Which begs this question to be answered then: “What do the Dutch do on Sundays?”

They spend time with family and in the northwestern part, that familial jamboree takes place at the beach called Zandvoort.  Don’t get grandiose ideas of aquamarine shores like the Caribbean.  It’s windy and cold this time of the year.  There aren’t beautiful mountain backdrops to gaze at.  Instead, there are cruise ships docked and a massive steel factory.  It is actually rather ugly. 

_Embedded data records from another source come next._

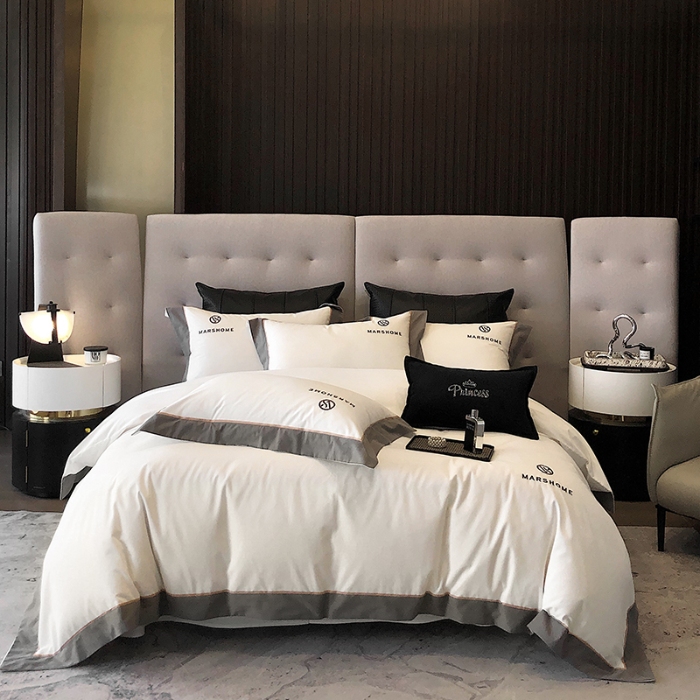 91家纺网 家纺一手货源 找家纺 高档礼盒装超细旦超柔长绒棉磨毛刺绣四件套秋冬加厚100%纯棉全棉床品 高级白-马丁-A类超柔超细旦长绒棉磨毛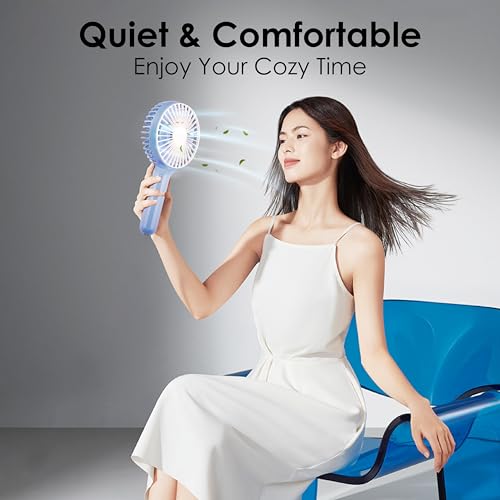 Gesto Portable Fan Rechargeable – USB Charging Hand Fan with 1200mAh Battery & 3 Speed Modes | Mini Fan, Small Fan, Handheld Fan – Ideal for Travel, Makeup, Kitchen | Women’s Personal Pankhaa - Blue - Image 4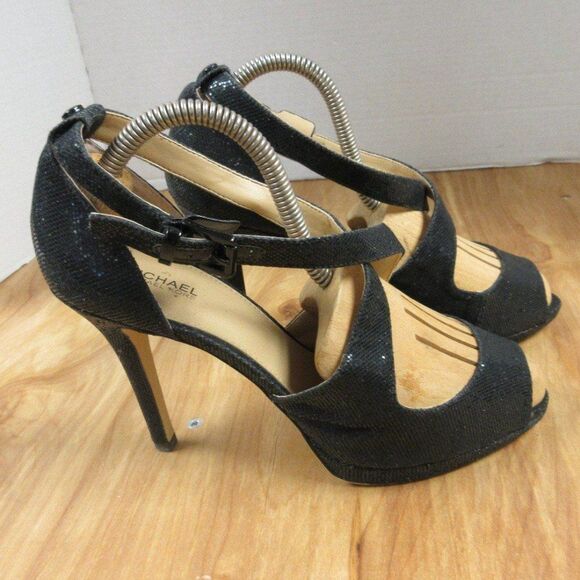 MICHAEL KORS Black Sparkle Strappy Heels Womens Sz 9 Peep Toe Glitter Sandals - Picture 2 of 12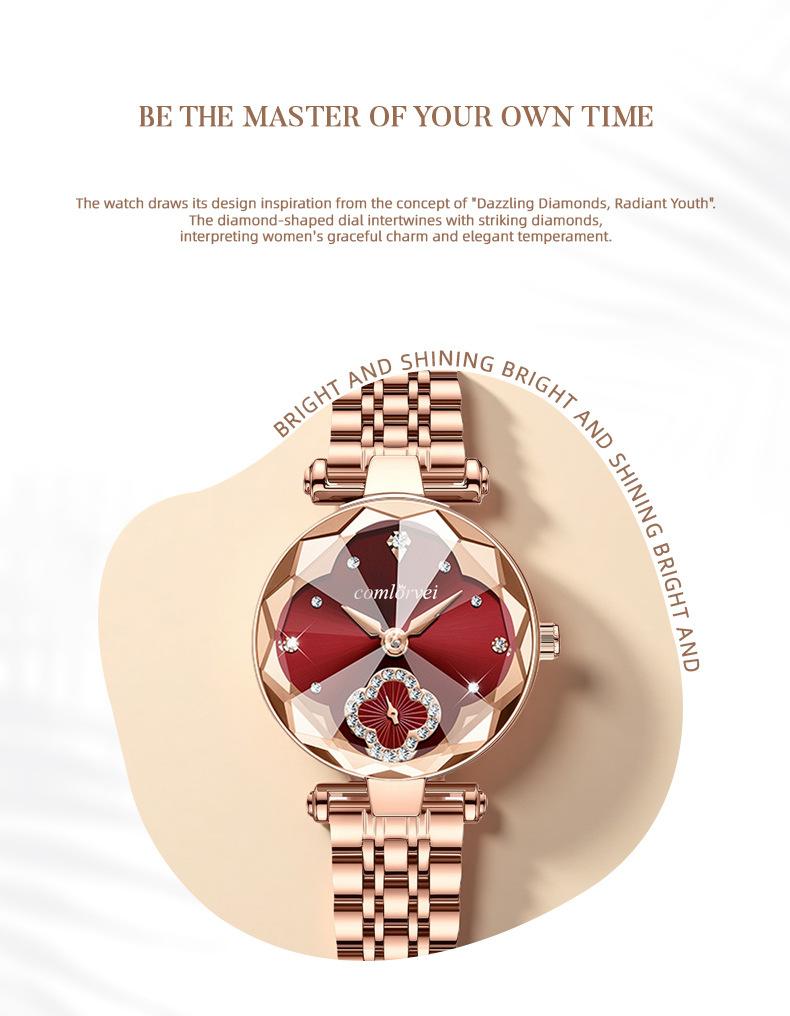 Women's Luxury Rose Gold Quartz Watch - Red Clover Dial with Crystal Accents, Diamond Flower Detail, Stainless Steel Band, Elegant Dress Wristwatch, Perfect Gift for Her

But if there’s anything I respect about the Dutch, they do with what they have and they plan to do it very well.  (Remember, this is a country where about 20% lies below sea level and habitation has been made possible by marvelous Dutch engineering).  Turn your back on the industrial mess and hike down the sand dunes.  It’s a great place for play.  Cars and cars are parked bumper to bumper on both sides of the road and you would see middle aged men quickly changing in their wetsuits, kite surf waiting on the pavement.  The high winds, waves and the North Sea are all conducive for an apparently favorite Dutch weekend excursion.  Who knew I’d find something like this here?

When the Dutch are ready to warm up after a day being windswept on the beach, they flock in droves to the beachside shacks.  Aloha seems like an institution for Sunday outdoor-worshippers.  Men in wetsuits walking barefeet, children, dogs, hippies, well-dressed young families – they congregate here to chat, eat, drink coffee, or have tea.  As cold as it was outside, Aloha has that Dutch gezzelig that transports you to a surf shack in Hawaii.  The food and coffee are good, the music great, and the wifi free.  Aloha inderdaad!  

Dutch taxes have gone up by 2% today.  Time to move on in this adventure.  To Belgium!